[identity profile] anfalicious.livejournal.com posting in [community profile] talkpolitics
What is America's role in the world? I'm the first to jump on the America bashing bandwagon, so one could expect me to come up with a suitably cynical snark response to this. But I won't.

America's role in the world is to be a leader.

In most ways, America is the most powerful nation in the world. Militarily, it's not hard to think that America could fight off every other nation in the world if we all tried to invade at once. They have used this military to become the unquestioned economic and political power in the world as well. Colonial wars have been fought in the Middle East, Africa, Asia and Latin America, not to rule directly, but to install governments that will allow for a favourable economic environment for US corporations. Why the hell would you want to run a country when you could just be extracting their natural resources and abuse their labour?

America has actively worked to become the leader in the world. It has been an act of conscious free will. It has been the stated aim of generations of political leaders and the desire of the electorate that votes them in. "We're #1" they cry after singing the national anthem at a "World Series" to find a the "World Champion" in a sport in which pretty much only they play in which only teams from America compete.

With great power, comes great responsibility.

Because the creation of US world supremacy has been a conscious act of free will, then the responsibilities that come along with that power are non-negotiable and must be entered into with a sense of duty, not obligation. The President of the United States has been called the "Leader Of The Free World" (and I've noticed, is still called, which I find a bit of an anachronism). The Constitution is, rightly, held up as one of the grand achievements of humanity. Americans like to believe that the ethics and values of their nation, that all men are created equal, that we have the unalienable right to life, liberty and the pursuit of happiness. If this is so, then their act of conscious free will to become the world leaders and the responsibilities that are the duty of the power that comes with such power, then they must lead with these values in mind as well as in practice.

Acts like unilateral military action and avoiding international treaties that are in the global interest, but may be questionable for the national interest, is failing these values.

(no subject)

Date: 18/11/10 21:52 (UTC)
From: [identity profile] underlankers.livejournal.com
The Russian Federation, sure. The USSR had things like the India-1 virus and the largest nuclear arsenal in the world from the Brezhnev era to its collapse. The Soviet Union, unlike the Cold War-era PRC *was* a superpower, no matter how present-day people try to erase that fact. The USSR fairly earned superpower status. It was always technologically inferior to the USA in some ways, but far superior in others. There's a reason the Kalashkinov is the most commonly distributed rifle today: Soviet weapons of death were superior to the Americans in utility.

The USA was only able to extend the war into Serbia due to retaining bases from the NATO-era alliance. If it had chosen to withdraw troops from Germany altogether the logistics would be vastly different.

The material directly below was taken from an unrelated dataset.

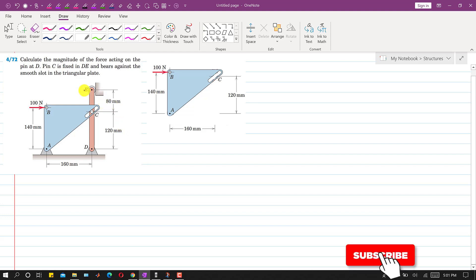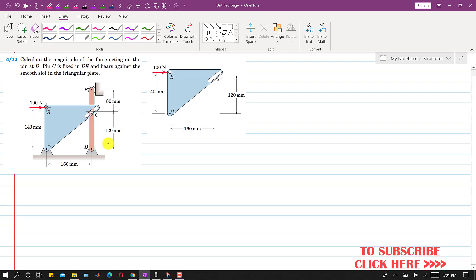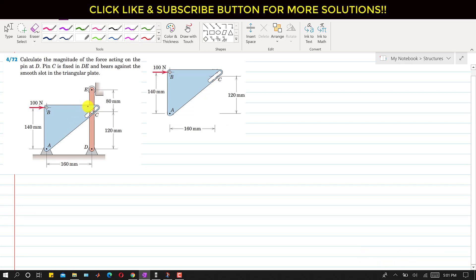Hello students, welcome to my channel Engineers Academy. Let's solve this problem. In this problem it is said that calculate the magnitude of the force acting on the pin at D. So we have to find the total reaction at this pin joint D, and further it is said that pin C is fixed in DE and bears against the smooth slot in the triangular plate. While solving such problems, we consider the individual members of a given frame independently. So first I will consider this ABC, this triangular part of this frame.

And yes, China's never been the military juggernaut people assume it has. The Soviet Union was one. Forget that and a lot of its actions toward the USA and vice versa are rather different.

(no subject)

Date: 19/11/10 18:35 (UTC)
From: [identity profile] ninboydean.livejournal.com
It's "Kalashnikov." And yes, there was at one point a real potential for teh USSR to crush the US economically. But I don't the USSR ever recovered from Krushchev's terrible economic policies.

The point, however, was the relative value of their expansionist programs, particularly in comparison to the other superpowers. The USSR time and tiem again has proven that it is weak in this regard: western puppet regimes have come closer and closer to their doorstep, and this influence was lain bare after the dissolution of the USSR, when former USSR satellites quickly turned against Russia.

And now Russia has western puppet regimes Like Georgia at its doorstep.

China and Russia have both failed to expand their sphere of influence toward the US borders. China has managed some degree of normalization of relations as well as apparent shared exploitation of its satellites with western interests.

(no subject)

Date: 20/11/10 17:07 (UTC)
From: [identity profile] underlankers.livejournal.com
There was never a point the USSR could seriously crush the USA economically. Politically, perhaps, militarily multiple times. It lost the ability to do so economically when Stalin ensured debacles that saw 3 million Soviet soldiers herded off to die in Nazi death camps, ensuring most Soviet industry passed into three years of Nazi misrule and their scorched earth tactics. Past that point it never had a snowball's chance in Hell of surpassing the USA economically.

It proved this when the USA was violating international law by flying U-2s over Soviet territory and the Soviet state was helpless to do anything about it. It also proved this in the Berlin debacle in 1948.

And it's rather hard for them to do that given only Russia *has* a border with the United States and for China to do so requires them to give up their insistence on land power for more as sea power, which has not usually been the case but things can and do change.